Par brigitte.bogucki le 18/10/13

Le principe même du droit de visite médiatisé est de permettre à un enfant de voir un de ses parents dans un environnement sécure quand ce parent est considéré par la Justice comme dangereux pour l'enfant.

La multiplicité des conflits parentaux a amené de nombreux parents, principalement des mères, à faire des demandes de droits de visite médiatisés correspondant souvent plus à leurs propres angoisses qu'à une réelle dangerosité envers l'enfant.

Devant l'ampleur de ces conflits, certains juges ont cru voir dans cette possibilité une alternative efficace aux remises difficiles et aux reprises de contact.

Depuis des années, les avocats attirent l'attention des magistrats sur le fait que ce système ne fonctionne pas, les centres médiatisés étant submergés et les personnels plus enclins à juger qu'à aider.

Absence de disponibilité, report des rendez-vous fixés, refus de prendre en compte la douleur des pères ainsi éloignés de leurs enfants... tout y est pour créer de véritables poudrières.

En outre les personnels de ces centres se montrent souvent très peu empathiques avec les pères concernés, les considérant comme des coupables et se comportant comme des gardiens de prisons.

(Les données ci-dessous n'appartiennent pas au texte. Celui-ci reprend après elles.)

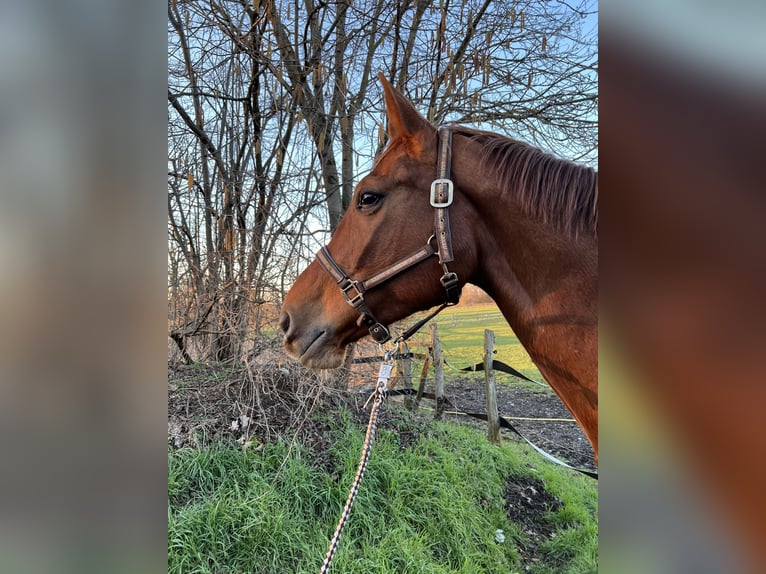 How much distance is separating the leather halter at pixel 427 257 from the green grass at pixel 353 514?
5.71 ft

Résultat, des pères rendus fous furieux par l'institution.

La Cour de Cassation a déjà plusieurs fois statué pour rappeler que l'on ne peut priver un père de son droit de visite et d'hébergement que pour autant qu'il soit dangereux de façon avérée envers son enfant.

Encore faut-il que les magistrats tiennent compte de la réalité de ce que sont ces centres et limitent leurs décisions aux cas les plus graves.

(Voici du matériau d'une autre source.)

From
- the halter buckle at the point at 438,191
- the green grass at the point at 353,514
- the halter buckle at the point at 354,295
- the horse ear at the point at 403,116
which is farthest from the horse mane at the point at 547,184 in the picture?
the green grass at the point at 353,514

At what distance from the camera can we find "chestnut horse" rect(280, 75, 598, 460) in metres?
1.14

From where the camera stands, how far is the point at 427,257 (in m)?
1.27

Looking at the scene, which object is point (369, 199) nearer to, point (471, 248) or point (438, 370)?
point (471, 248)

Quand aux associations gestionnaires de ces centres, il conviendrait que la DDASS et le Minisitère de la Justice se penchent un peu plus sur leurs compétences.

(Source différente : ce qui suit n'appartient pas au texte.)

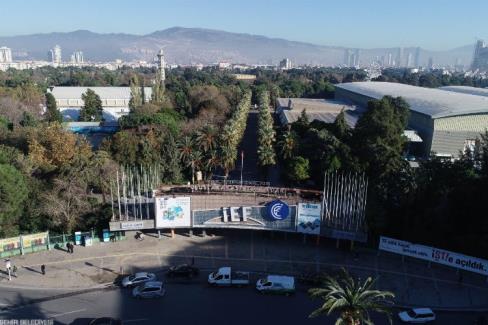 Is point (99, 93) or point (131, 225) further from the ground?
point (99, 93)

Par brigitte.bogucki le 03/06/13

Voilà quelques temps que je n'ai pas écrit sur ce blog et je prie mes fidèles lecteurs de m'en excuser. La raison en était simple, surchargée par la nécessité de préparer, en plus de mes dossiers du cabinet, la formation qu'avec ma consoeur Dominique Lopez-Eychenié, présidente de l'ADPCI, nous sommes allées donner à nos confrères du Barreau de Hanoi.

Cette formation s'est tenue en trois jours pour prendre en compte les durées de traduction franco/vietnamienne et a été minutieusement préparée pour pallier aux différences juridiques et culturelles.

Cette formation, co-organisée par le Barreau de Lille, le Barreau de Hanoi et l'ambassade de France au Vietnam, a connu un grand succès et nos amis vietnamiens ont été particulièrement réceptifs à ce nouveau mode de résolution amiable des conflits.

Voici quelques photos prises lors de ce séminaire.

Par brigitte.bogucki le 24/07/12

La question est courante, la réponse est difficile car juridiquement il n'y a pas de règles.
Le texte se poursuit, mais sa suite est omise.